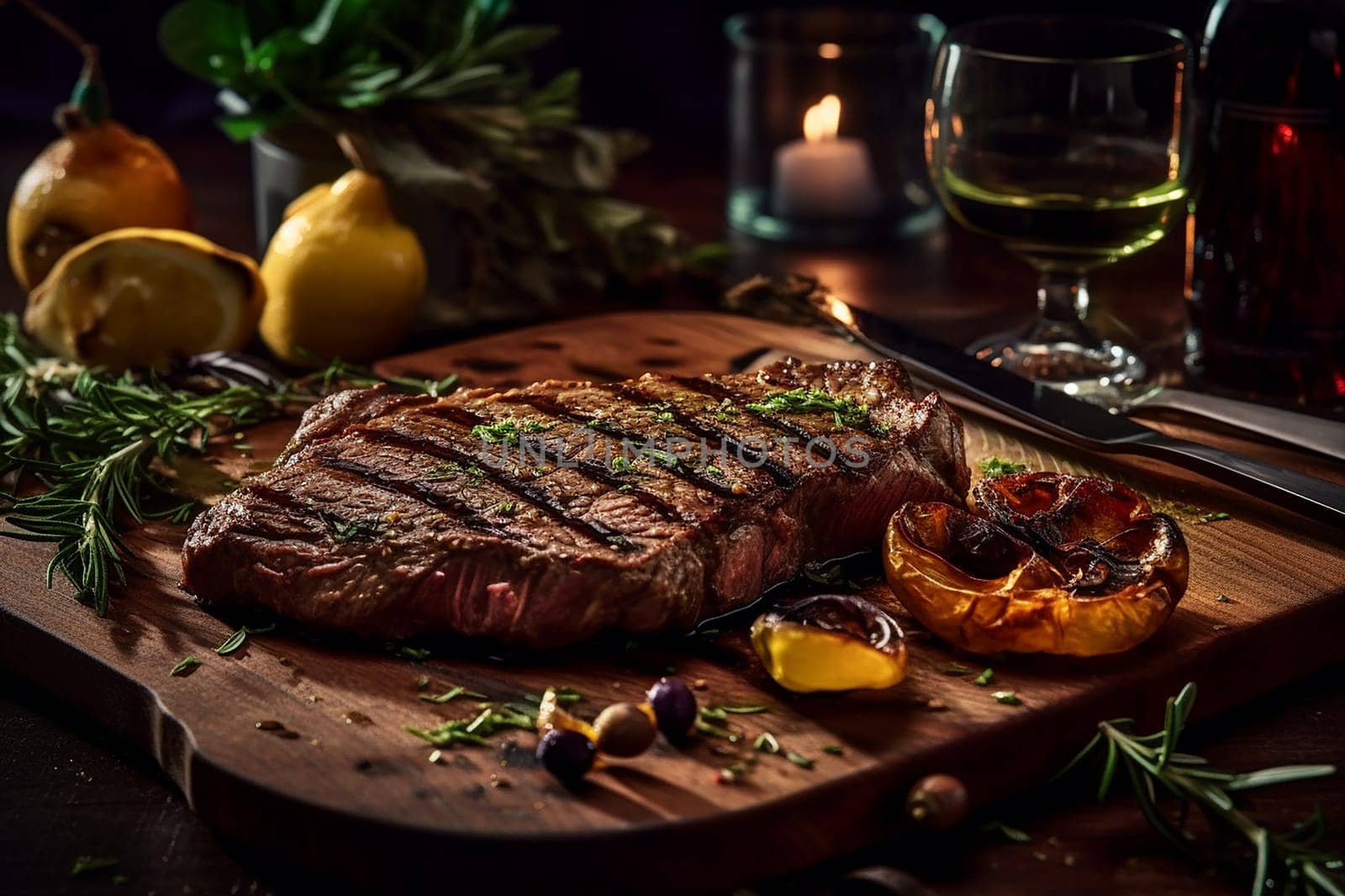 Grilled steak seasoned with herbs on wooden board, elegant dining.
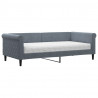 Sofa z materacem do spania, ciemnoszara, 90x190 cm, aksamit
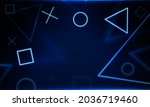 Abstract Game Light out technology and with neon triangles. Hitech communication concept innovation background,  vector design
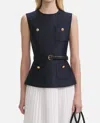 Self-portrait Self Portrait Navy Boucle Sleeveless Midi Dress In Blue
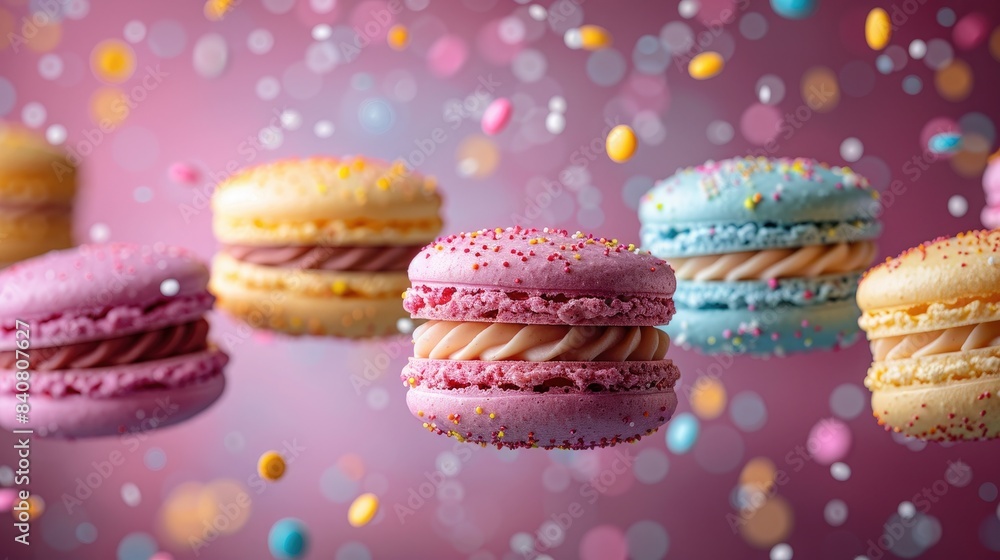 Colorful macarons flying through the air with confetti on a purple background Colorful macarons flying through the air with confetti on a purple background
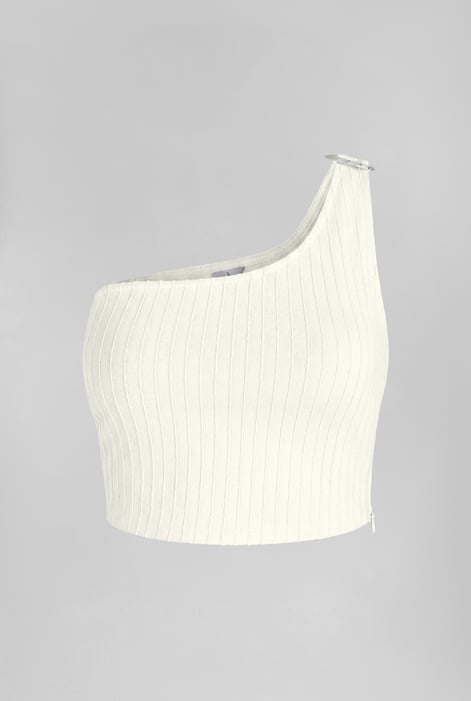 Cream One Shoulder Crop Vest Top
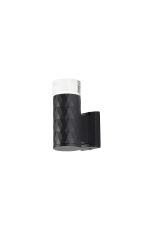Gullo Diamond Pattern Wall Lamp With Short Diagonal Pattern Acrylic Shade, 1 x GU10, IP54, Black/Clear/Frosted, 2yrs Warranty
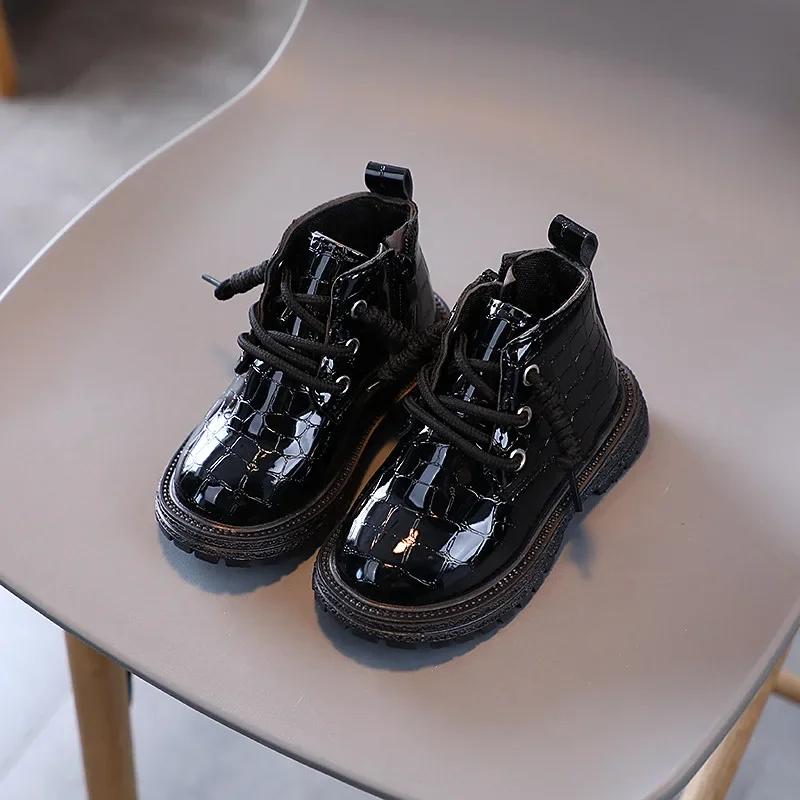 

Children Lace-up Booties Girls Crocodile Solid Color Round Toe Boots Women Non-slip Soft Sole and Platform Comfortable Kid Shoes 30 чорний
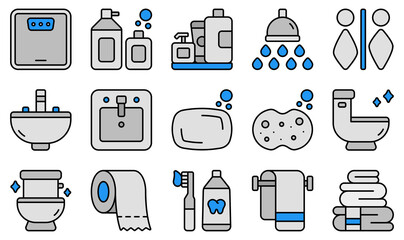 Set of Vector Icons Related to Bathroom. Contains such Icons as Scale, Shampoo, Shower, Sink, Soap, Toilet and more.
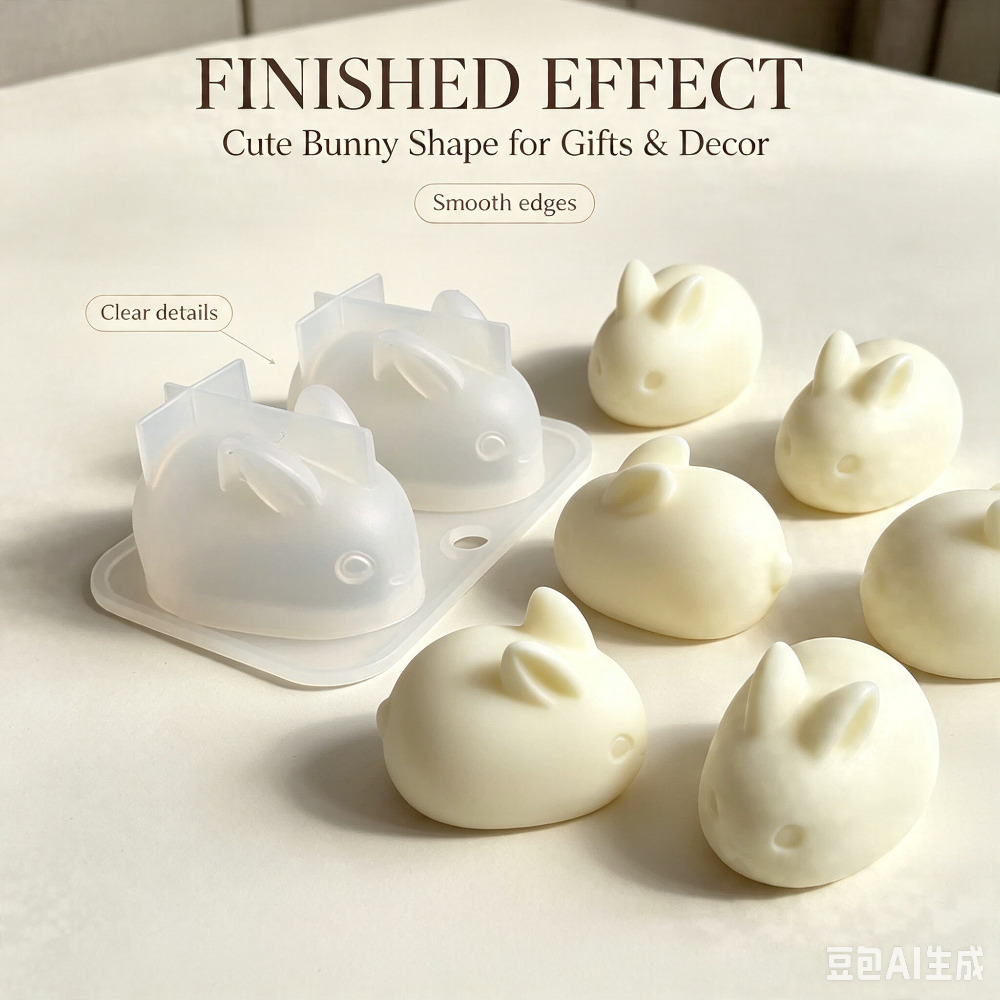 Candle Making Factory - Cetakan Silikon Kelinci Mini 3D Food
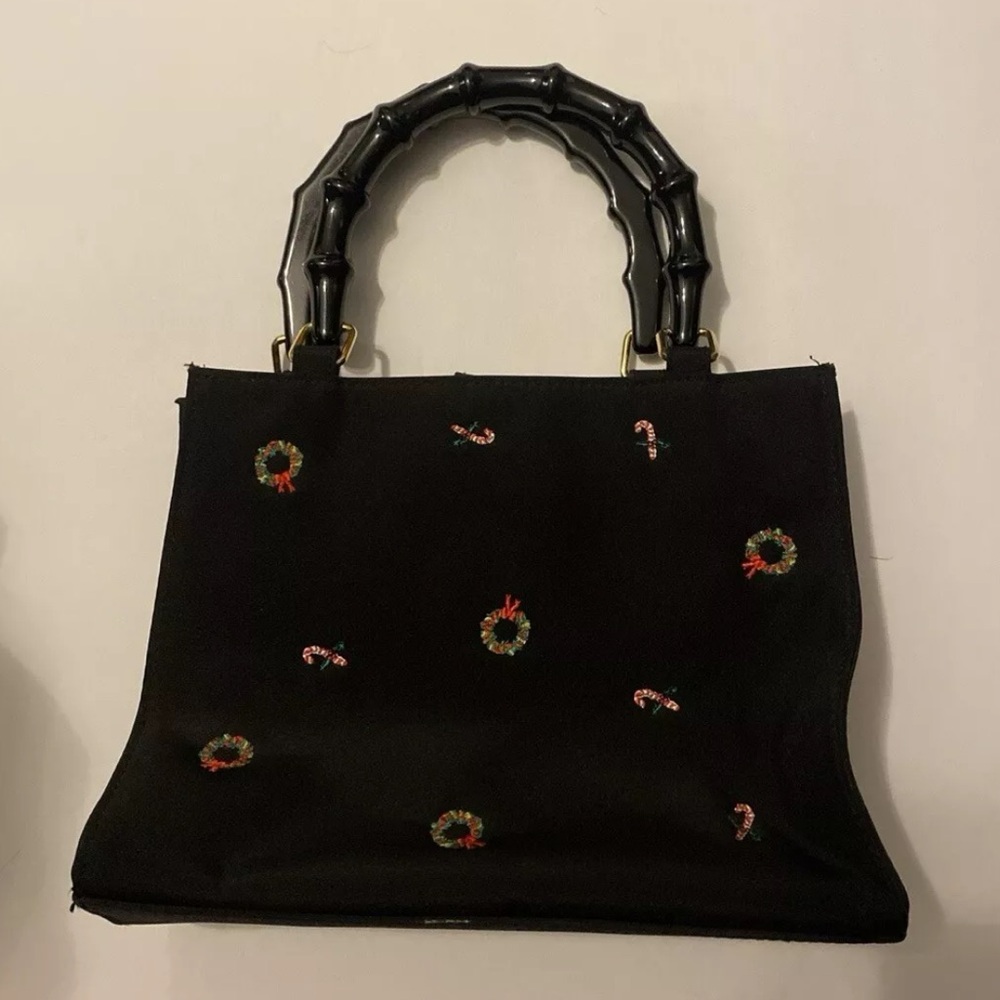 Super Cute 90s Tiannl Vintage Christmas Candy Cane Embroidered Black Mini Purse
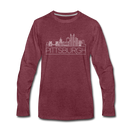 Pittsburgh, Pennsylvania Long Sleeve T-Shirt - Skylines Unisex Pittsburgh Long Sleeve Shirt - heather burgundy
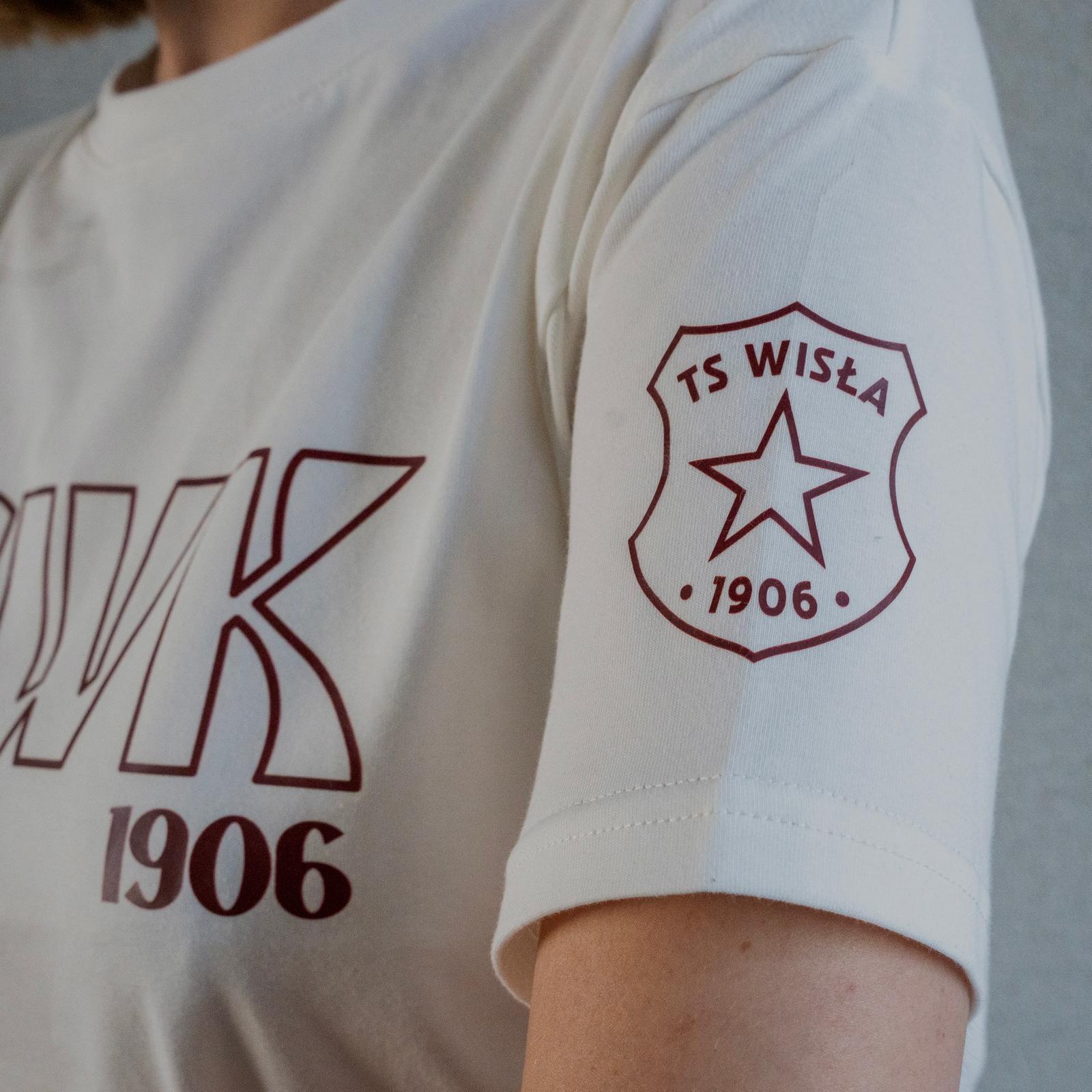T-shirt damski TSWK 1906 - biały - TS Wisła Kraków 1906 - Przestrzeń Białej Gwiazdy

> [PROBLEM] Retype the lines from the one containing "Set of Vector" down to the last line of the records, both included, exactly and nothing more. Pictures stay out.

> [RESPONSE BOX]
 Set of Vector Icons Related to Bathroom. Contains such Icons as Scale, Shampoo, Shower, Sink, Soap, Toilet and more.
 Candle Making Factory - Cetakan Silikon Kelinci Mini 3D Food
 Super Cute 90s Tiannl Vintage Christmas Candy Cane Embroidered Black Mini Purse
 Pittsburgh, Pennsylvania Long Sleeve T-Shirt - Skylines Unisex Pittsburgh Long Sleeve Shirt - heather burgundy
T-shirt damski TSWK 1906 - biały - TS Wisła Kraków 1906 - Przestrzeń Białej Gwiazdy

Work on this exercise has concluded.